En 1973, hace 45 años, la Corte Suprema de Justicia de Estados Unidos falló el caso Roe vs. Wade, en el sentido de que una mujer amparada en el derecho a la privacidad, bajo la cláusula del debido proceso de la Décimo Cuarta Enmienda, podía elegir si continuaba o no con su embarazo; ese derecho a la privacidad se considera desde entonces un derecho fundamental bajo la protección de la Constitución de los EE. UU. y por lo tanto no puede legislarse en su contra por ningún Estado. El caso se originó en Texas y es allí donde medio siglo después es casi imposible conseguir un aborto. La mayoría de las clínicas se han cerrado y las mujeres tienen que ir a otro Estado a abortar, lo cual es un costoso privilegio que no pueden darse los negros y los latinos pobres, quienes terminarán siendo los más. En la mayoría de los Estados el aborto es legal en las primeras 20 semanas de embarazo, sin limitaciones.

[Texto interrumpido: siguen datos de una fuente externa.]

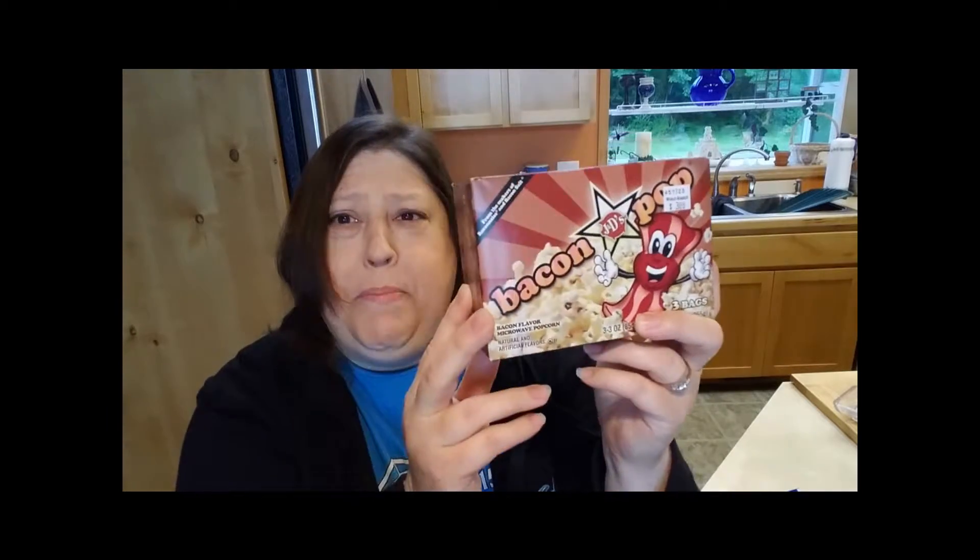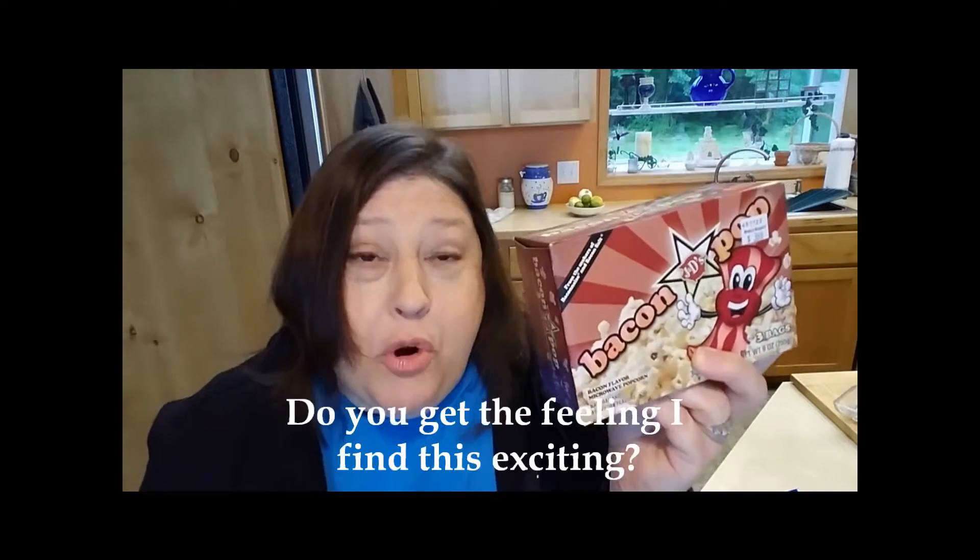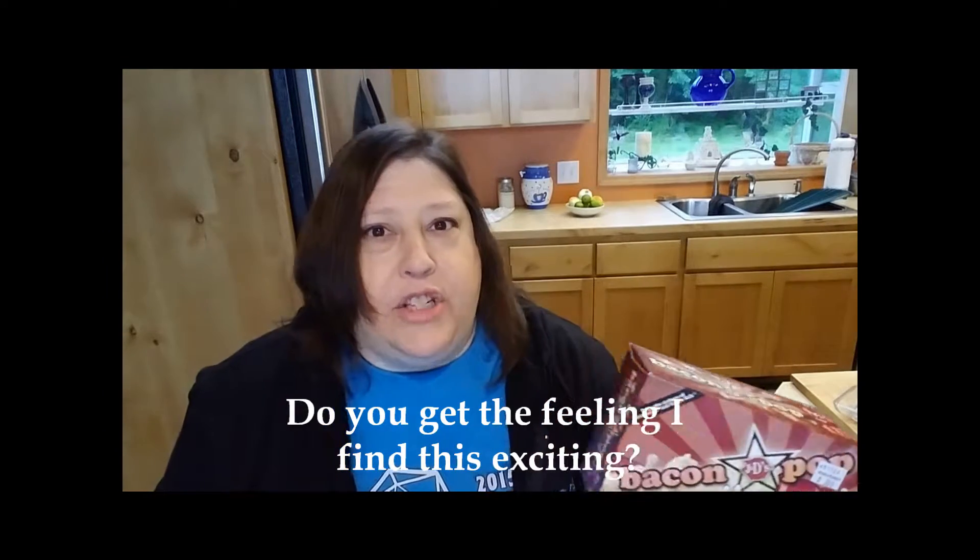The first thing I'm excited to share is this popcorn. It's bacon popcorn — are you kidding me? Who doesn't love bacon? I have actually popped popcorn on the stove in bacon fat and put bacon in it. It's not something I do on a regular basis, but I've done it once and it was so good. I'm really curious to see how this comes out. It is a microwave popcorn. I normally air pop my popcorn, but I just had to try this. So I'm going to go put this in the microwave.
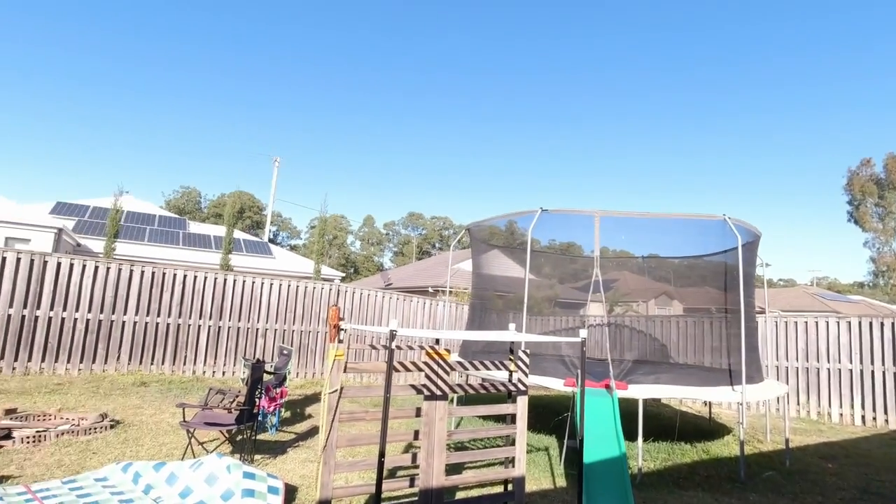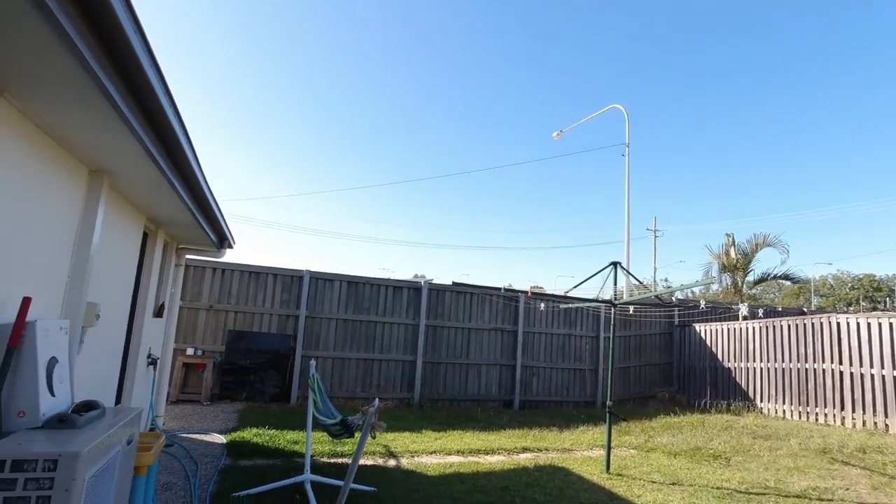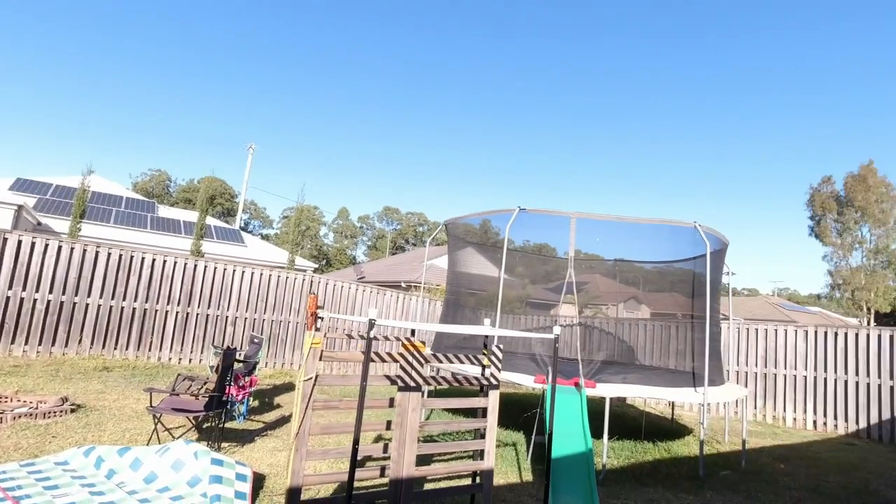This is my backyard. For lunch today I'm not sure — maybe some simple things or leftovers from yesterday night. Today is Saturday, so this is what my whole morning looks like: wake up, open lights, open window, brush teeth, eat breakfast, and that's it.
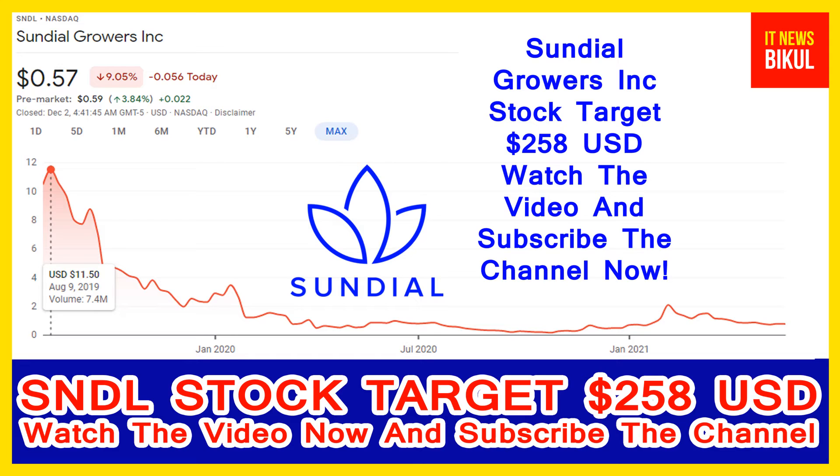The company offers its products under the Top Leaf, Sundial Cannabis, Palmetto, and Grasslands brands. Sundial Growers Incorporation was incorporated in 2006 and is headquartered in Calgary, Canada.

Durante la campaña presidencial Donald Trump enarboló las banderas de la prohibición del aborto tardío, Hilary Clinton lo defendió con el argumento de que era una terrible decisión que debía tomarse en casos excepcionales, que eran los menos. No debió conseguir muchos votos con eso. El accidentado debate sobre la confirmación del juez vitalicio de la Corte Suprema de Justicia Brett Kavanaugh por parte del Senado, escondía una lucha de los grupos civiles por evitar una Corte de mayoría conservadora, de la que se presume eventualmente derogaría Roe vs. Wade, prohibiendo de nuevo el aborto en el país. Y el día no está lejano.

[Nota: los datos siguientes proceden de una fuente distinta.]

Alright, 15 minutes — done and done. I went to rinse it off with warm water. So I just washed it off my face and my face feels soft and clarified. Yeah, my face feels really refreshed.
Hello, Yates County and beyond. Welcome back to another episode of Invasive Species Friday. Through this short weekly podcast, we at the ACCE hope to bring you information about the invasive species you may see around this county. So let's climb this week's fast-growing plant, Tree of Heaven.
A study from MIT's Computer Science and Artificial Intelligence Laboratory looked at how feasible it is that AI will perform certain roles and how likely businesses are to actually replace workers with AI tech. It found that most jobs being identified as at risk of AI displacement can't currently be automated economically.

Para ello ha servido a las mil maravillas el debate sobre el late-term abortion, que esconde todo el gigantesco problema de salud pública que son los abortos ilegales, los embarazos de adolescentes, los hijos indeseados, el crecimiento incontrolado de la población más pobre, y se lleva por delante el debate central, que es la necesidad de la educación sexual, la planificación familiar, la prevención, y lo último pero no lo menos importante, los derechos de la mujer.
Ese es el mismo flaco servicio que la sentencia de la Corte Constitucional de Colombia le ha prestado a la discusión: focalizar en los casos excepcionales de abortos tardíos, que deben tener una reglamentación aparte, el debate sobre la despenalización del aborto, que hoy está limitado a circunstancias muy excepcionales. El debate central debería ser sobre el levantamiento de esas condiciones tan restrictivas y el establecimiento de un límite. Con esa decisión de la Corte van a multiplicarse los obstáculos jurídicos, éticos y religiosos, alejando por años el derecho de las mujeres colombianas a abortar en las primeras semanas de embarazo, como de hecho lo están haciendo, a veces en peligrosas condiciones médicas, sin contar ni con la Iglesia ni con los jueces.